The U.S. recent data showed the total nonfarm payroll employment increased by 169,000 in August, and the unemployment claims remained at 7.3 percent away from the estimated data of 7.4 percent. On the other hand, China’s exports rose 7.2 percent in August from a year earlier while imports advanced 7 percent, resulting in a $28.6 billion trade surplus making it now the second largest economy in the world. These data showed that the Chinese economy is back to its roadway and is recovering as Chinese economy is supported by manufacturing and exports.
On the way round, the ongoing geo-political tension in the Middle East and the potential military attack on Syria by the U.S. is likely to be hauled back till UN data releases. The U.S. President Barack Obama after returning from the G-20 summit couldn’t get support on the independent limited military attack on Syria from most of the participant nations.
The gold production in South Africa, the sixth largest gold producer, has ended its strike after negotiating at 8% payoff to the gold miners. This will definitely increase the gold supply. The upcoming Fedsep is likely to hit the gold prices too. The investors are expecting the Fed to implement the tapering policy from September. This has increased the hedge fund’s combined holdings in gold future raising the long position holdings increased by 3.6% whereas the immediate delivery of gold dropped down by 0.5% and the gold for December delivery rose by 1% NYMEX.
The WTI crude dropped as the futures rallied down by 0.7%. The Brent for October settlement has declined by 0.5% on London-based ICE Futures Europe Exchange. The oil prices moved according to the Syrian issue as the limited military strike by U.S. is likely to be delayed.
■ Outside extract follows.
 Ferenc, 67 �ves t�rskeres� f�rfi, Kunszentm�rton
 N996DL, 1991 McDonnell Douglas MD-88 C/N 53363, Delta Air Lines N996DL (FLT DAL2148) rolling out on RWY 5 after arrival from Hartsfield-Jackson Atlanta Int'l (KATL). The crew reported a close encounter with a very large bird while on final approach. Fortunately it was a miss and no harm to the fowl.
China the second largest gold and oil consumer has increased its oil imports compared to its exports. Investors decreased their net long positions in WTI by 3.6%.
So, the improving Chinese economy is supporting the bullion gold and oil consumption level whereas the speculative investors are following the Syrian news and the potential Fed policy in making the investments in gold and oil and are not much optimistic in these markets. They are on a wait and watch situation.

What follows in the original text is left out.